The positive results on wound healing from clinical trials5, 6, 19, 20 encouraged us to postulate that RGTAs could be used to maintain the epithelial homeostasis in patients with DED. The results of our preliminary clinical tests have contradicted this hypothesis (unpublished data). Consequently, we tested whether the pre-existence of HO stress at the ocular surface would affect the efficacy of the RGTA treatment. We therefore monitored the repair of the scratch wound in increasing HO stress, in the presence or absence of the RGTA. What we could observe was that even small increments in the osmolarity of the medium had dramatic effects on the migration rate and proliferation of the HCE cells. The presence of FBS and RGTAs offered a modest benefit, when compared to control, but could not prevent the HO cytotoxic effects on the HCE cells. Moreover, none of the regenerative agents could prevent the secretion of the stress cytokine IL-8, the major neutrophil attractant in vivo. The addition of osmoprotector molecules, such as betaine, abolished the negative effects of HO, however, and returned the wound-healing capacity in the presence of RGTAs to control levels.
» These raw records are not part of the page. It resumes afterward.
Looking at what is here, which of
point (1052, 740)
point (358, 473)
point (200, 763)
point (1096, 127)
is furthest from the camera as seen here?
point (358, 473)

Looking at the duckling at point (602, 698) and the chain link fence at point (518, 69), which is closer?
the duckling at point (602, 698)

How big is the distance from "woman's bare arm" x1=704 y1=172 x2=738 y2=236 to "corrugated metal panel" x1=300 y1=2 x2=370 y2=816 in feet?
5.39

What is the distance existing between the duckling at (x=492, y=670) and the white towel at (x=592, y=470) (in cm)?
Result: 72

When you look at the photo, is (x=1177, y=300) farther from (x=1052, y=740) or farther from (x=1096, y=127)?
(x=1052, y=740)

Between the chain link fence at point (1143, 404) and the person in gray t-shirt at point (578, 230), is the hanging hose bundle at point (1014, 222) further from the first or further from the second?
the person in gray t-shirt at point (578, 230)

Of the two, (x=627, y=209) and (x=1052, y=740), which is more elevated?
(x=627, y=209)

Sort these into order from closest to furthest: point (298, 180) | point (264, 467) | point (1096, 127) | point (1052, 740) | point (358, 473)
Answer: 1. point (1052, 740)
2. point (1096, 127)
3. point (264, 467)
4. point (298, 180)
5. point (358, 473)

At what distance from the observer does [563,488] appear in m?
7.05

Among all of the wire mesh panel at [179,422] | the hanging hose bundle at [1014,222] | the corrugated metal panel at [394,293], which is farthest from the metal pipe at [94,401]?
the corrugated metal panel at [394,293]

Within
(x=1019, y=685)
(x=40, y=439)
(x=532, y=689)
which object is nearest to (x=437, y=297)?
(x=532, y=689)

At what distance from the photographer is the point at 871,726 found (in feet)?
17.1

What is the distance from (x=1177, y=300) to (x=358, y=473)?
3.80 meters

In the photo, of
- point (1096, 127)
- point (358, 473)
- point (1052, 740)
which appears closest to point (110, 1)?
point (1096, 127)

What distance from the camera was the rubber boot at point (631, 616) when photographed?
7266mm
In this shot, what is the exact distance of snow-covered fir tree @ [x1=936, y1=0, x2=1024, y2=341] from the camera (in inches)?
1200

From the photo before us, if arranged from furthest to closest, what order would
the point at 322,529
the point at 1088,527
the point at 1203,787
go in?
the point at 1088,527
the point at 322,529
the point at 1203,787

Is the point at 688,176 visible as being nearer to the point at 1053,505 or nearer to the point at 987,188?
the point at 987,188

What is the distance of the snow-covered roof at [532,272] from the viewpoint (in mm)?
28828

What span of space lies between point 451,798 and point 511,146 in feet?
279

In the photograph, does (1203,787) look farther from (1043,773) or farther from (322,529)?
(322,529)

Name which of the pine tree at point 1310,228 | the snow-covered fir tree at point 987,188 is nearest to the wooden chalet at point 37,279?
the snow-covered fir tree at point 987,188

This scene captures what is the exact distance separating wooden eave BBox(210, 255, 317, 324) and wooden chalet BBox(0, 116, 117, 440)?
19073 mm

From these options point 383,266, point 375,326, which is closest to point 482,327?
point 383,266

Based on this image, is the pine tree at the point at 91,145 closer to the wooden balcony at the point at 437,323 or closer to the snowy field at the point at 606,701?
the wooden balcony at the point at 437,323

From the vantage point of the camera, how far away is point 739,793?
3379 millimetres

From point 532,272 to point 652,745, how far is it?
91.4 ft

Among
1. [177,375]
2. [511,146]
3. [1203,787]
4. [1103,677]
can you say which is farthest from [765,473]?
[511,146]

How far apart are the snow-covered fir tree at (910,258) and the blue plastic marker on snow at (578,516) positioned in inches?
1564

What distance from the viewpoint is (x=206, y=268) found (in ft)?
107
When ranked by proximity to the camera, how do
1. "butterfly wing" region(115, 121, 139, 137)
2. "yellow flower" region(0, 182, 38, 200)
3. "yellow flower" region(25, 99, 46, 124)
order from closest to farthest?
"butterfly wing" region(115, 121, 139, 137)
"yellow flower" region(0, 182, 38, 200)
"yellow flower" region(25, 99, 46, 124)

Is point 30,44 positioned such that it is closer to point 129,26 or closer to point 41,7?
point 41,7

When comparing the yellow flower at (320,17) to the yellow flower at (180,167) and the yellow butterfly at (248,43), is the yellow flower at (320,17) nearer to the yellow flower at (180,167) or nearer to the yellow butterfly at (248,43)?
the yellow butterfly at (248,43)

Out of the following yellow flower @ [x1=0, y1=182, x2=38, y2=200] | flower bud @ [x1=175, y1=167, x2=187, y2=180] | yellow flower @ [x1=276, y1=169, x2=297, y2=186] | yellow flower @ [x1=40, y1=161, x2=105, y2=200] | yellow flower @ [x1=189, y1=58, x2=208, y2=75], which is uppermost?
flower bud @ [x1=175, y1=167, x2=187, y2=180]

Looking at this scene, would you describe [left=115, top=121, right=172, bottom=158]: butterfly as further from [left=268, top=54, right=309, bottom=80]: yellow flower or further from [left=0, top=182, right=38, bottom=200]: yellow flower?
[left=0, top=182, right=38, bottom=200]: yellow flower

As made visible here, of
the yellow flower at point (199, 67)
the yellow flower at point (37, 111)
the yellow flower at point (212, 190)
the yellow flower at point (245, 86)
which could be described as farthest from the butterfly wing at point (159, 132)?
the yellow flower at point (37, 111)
A limitation of our study is the use of an immortalized cell line with inherent resistance and capacity of proliferation in optimal conditions. This advantage is not so evident in serum-starved conditions, however. The measured proliferation and migration could both be modulated by the addition of the regenerative agents and this supports the validity of our data. Moreover, preliminary data from a limited set of DED patients that received RGTAs confirmed the inefficiency of the medical device in cytotoxic conditions, such as increased osmolarity (data not shown).

Our results suggest that RGTAs are a promising therapy for wound healing at the ocular surface. A very recent study indicates that RGTAs could prove extremely useful for basement membrane dystrophy patients undergoing phototherapeutic treatment,21 for example. Pre-existing cellular stress attenuates their function, however, and delays the wound healing process. Clinicians should take into consideration that ocular surface micro-environment influences RGTA’s efficacy and efficiency. Discontinuation of cytotoxic drugs should be considered when treating serious corneal wounds.20 Additionally, for dry eye patients, prior osmoprotection would convert the RGTA into beneficial healing inducers for, but not restricted to, DED associated lesions.